The written directive signed on February 23, 2008 by then Defense Minister Mikael Harutiunian was exposed by the pro-opposition daily “Haykakan Zhamanak” late last year. It was issued immediately after the outgoing President Robert Kocharian ordered Armenia’s top security and military officials to thwart what he called attempts by opposition leader Levon Ter-Petrosian to “seize power by illegal means.” He referred to non-stop demonstrations staged by Ter-Petrosian following the hotly disputed February 19 presidential election.

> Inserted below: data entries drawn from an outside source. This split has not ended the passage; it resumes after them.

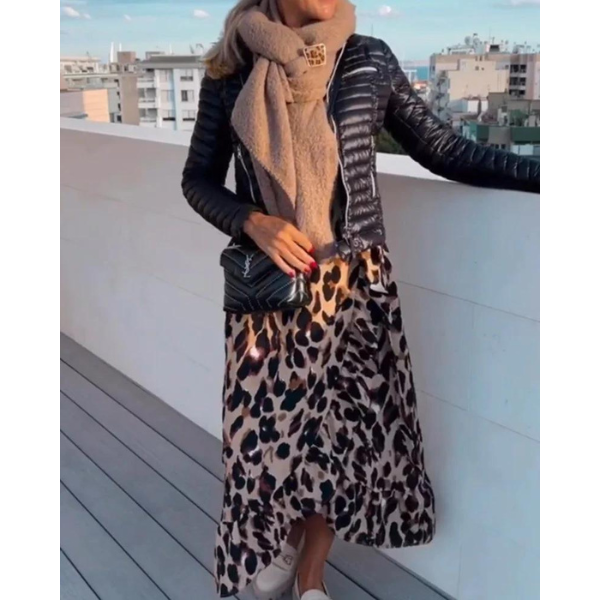 Liza Leopard Print V-Neck Dress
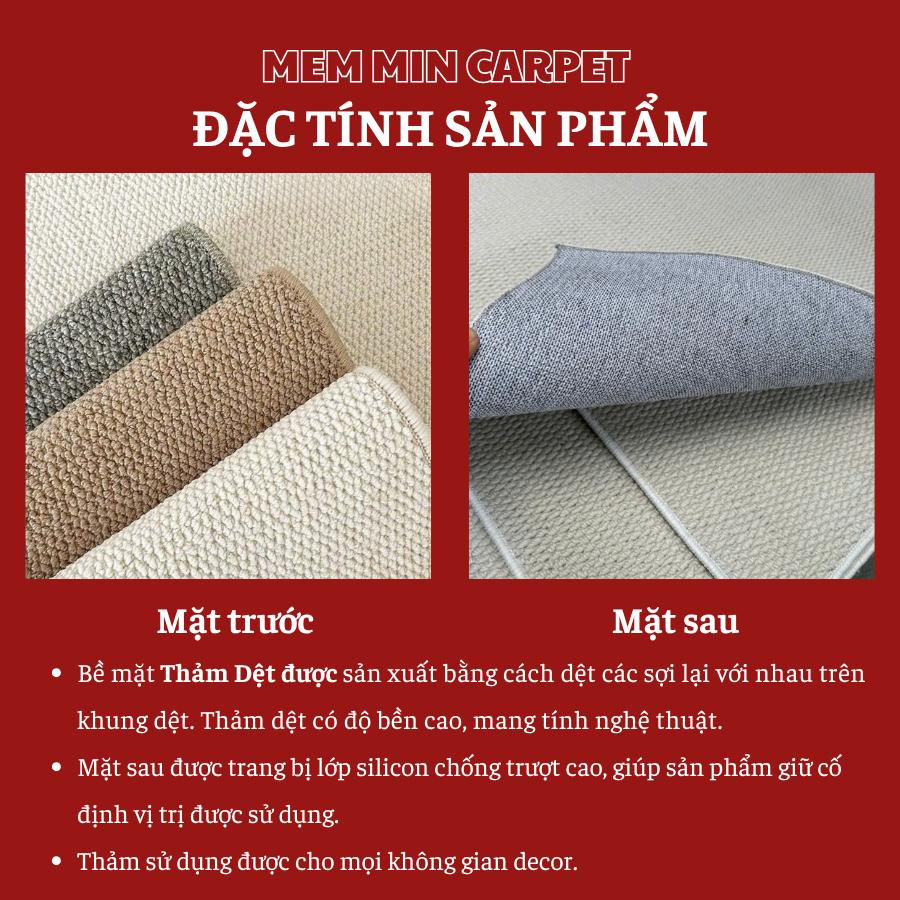 Thảm Dệt Decor, Thảm Trải Sàn Phòng Khách, Thảm Decor Chụp Hình, Thảm Thiết Kế Sang Trọng Hiện Đại - MeminCarpet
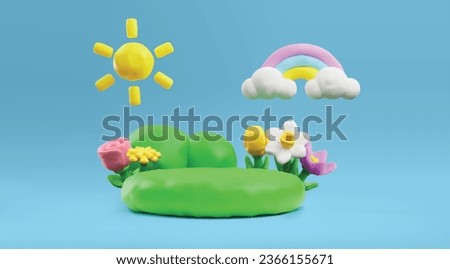 Plasticine composition with green lawn and flowers, sun and rainbow in clouds 3D style, vector illustration isolated on blue background. Decorative design element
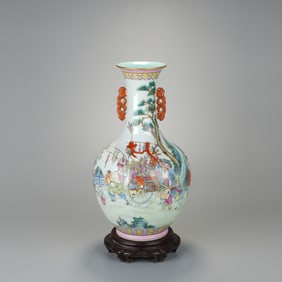 Famille Rose Character Story Pattern Porcelain Double Ears Vase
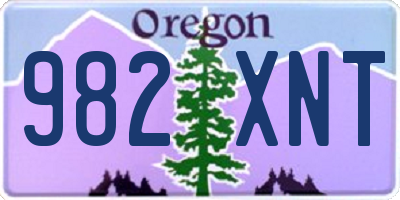 OR license plate 982XNT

The order placed Armenia’s armed forces on high alert and ordered the Defense Ministry to form special groups of officers and hand them weapons. Harutiunian also instructed the then commander of the army’s Yerevan garrison, General Yuri Khachaturov, to form a special command structure with essentially unlimited control over military units stationed in and around the Armenian capital.
Ter-Petrosian’s Armenian National Congress (HAK) denounced the leaked document as illegal, saying that the so-called “administration of garrison commander” effectively assumed the powers of the army’s General Staff in gross violation of Armenia’s constitution. HAK leaders also presented it as further proof that Kocharian illegally used the military against the protesting opposition before declaring a state of emergency in Yerevan late on March 1, 2008.
The opposition alliance wrote to Prime Minister Tigran Sarkisian last month demanding that Harutiunian’s directive be declared unconstitutional. Vahe Hovsepian, a lawyer who drew up the appeal, cited constitutional provisions that ban Armenia’s armed forces from taking sides in political disputes.
In a written response sent to Hovsepian this week, the government said that the directive did not require or amount to “use of the Armed Forces.” It said the high alert ordered by the defense minister was a routine action taken “at the tactical level of army management.”
Hovsepian rejected the explanation as baseless. “The fact is that the armed forces were used during the events of March 1, 2008,” he told RFE/RL’s Armenian service.
Defense Ministry spokesman Seyran Shahsvuvarian also defended the legality of the order. He claimed that army units were only told to guard “facilities of strategic importance” during the deadly unrest.
Shahsuvarian earlier confirmed that a former senior Defense Ministry official, Armen Sargsian, was arrested in December on suspicion of leaking the confidential document to “Haykakan Zhamanak.” Sargsian is expected to on trial soon on charges of disclosing a “state secret.”